Categories: Backdoor

About “Backdoor.TVRat.Dropper” infection

The Backdoor.TVRat.Dropper is considered dangerous by lots of security experts. When this infection is active, you may notice unwanted processes in Task Manager list.

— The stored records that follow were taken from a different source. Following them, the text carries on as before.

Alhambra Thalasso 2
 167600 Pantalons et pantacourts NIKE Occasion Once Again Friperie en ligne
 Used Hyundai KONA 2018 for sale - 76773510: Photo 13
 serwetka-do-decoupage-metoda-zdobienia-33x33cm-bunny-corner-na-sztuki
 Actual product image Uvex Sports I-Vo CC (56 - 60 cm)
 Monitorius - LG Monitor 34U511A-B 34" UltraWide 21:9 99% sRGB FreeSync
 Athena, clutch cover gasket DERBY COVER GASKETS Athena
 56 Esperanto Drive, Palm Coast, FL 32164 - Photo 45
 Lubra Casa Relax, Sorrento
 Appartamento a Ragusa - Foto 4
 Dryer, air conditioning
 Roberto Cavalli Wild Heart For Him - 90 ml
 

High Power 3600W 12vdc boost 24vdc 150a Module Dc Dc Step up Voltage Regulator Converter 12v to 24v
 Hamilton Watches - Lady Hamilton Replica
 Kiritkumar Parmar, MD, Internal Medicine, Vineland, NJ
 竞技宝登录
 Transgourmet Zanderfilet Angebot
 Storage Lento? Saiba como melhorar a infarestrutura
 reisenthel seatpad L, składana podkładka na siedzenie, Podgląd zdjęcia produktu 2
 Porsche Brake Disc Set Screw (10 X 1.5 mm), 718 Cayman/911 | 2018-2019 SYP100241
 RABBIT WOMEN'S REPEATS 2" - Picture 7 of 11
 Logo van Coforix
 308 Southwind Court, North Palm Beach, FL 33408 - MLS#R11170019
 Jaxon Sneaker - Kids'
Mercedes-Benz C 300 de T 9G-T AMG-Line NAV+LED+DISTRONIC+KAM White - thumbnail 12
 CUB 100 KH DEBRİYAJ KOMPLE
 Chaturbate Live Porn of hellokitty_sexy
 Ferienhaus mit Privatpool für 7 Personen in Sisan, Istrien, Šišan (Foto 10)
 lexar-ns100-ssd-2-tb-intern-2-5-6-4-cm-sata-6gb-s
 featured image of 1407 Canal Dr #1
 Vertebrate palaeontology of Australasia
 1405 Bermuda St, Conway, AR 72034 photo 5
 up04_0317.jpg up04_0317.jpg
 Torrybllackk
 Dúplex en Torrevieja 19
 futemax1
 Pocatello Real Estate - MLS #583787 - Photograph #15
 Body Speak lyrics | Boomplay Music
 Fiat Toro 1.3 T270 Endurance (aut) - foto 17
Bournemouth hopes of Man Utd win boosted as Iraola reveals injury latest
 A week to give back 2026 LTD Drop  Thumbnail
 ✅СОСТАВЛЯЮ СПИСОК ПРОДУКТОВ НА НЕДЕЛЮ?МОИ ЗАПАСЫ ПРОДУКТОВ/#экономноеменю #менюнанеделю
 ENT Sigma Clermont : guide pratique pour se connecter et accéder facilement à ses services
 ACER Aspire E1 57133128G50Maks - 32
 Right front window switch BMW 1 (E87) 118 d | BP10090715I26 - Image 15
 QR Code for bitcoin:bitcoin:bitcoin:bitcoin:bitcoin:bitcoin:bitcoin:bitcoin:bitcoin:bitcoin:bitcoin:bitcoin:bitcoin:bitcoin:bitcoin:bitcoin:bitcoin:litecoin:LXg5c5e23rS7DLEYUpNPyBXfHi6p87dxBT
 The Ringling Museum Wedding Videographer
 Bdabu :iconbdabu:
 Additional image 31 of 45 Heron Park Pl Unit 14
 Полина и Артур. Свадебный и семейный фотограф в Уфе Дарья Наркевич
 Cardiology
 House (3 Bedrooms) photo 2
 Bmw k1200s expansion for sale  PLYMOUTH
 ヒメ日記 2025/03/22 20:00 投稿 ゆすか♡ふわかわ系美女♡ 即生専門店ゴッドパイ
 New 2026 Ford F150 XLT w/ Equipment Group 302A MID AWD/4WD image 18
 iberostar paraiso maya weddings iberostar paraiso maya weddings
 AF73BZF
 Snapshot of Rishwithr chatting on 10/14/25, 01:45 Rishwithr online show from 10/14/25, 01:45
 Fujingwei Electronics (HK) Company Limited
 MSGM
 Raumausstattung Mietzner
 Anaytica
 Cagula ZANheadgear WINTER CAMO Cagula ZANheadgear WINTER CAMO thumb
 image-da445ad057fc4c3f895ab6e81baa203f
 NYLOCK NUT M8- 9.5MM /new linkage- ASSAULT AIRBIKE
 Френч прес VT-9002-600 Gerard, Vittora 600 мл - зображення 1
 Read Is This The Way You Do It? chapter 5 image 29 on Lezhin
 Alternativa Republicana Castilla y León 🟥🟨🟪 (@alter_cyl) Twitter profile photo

In this case, it is adviced to scan your computer with GridinSoft Anti-Malware.

Gridinsoft Anti-Malware

Removing PC viruses manually may take hours and may damage your PC in the process. We recommend using GridinSoft Anti-Malware for virus removal. Allows to complete scan and cure your PC during the trial period.

DOWNLOAD NOW

6-day free trial available.

What Backdoor.TVRat.Dropper virus can do?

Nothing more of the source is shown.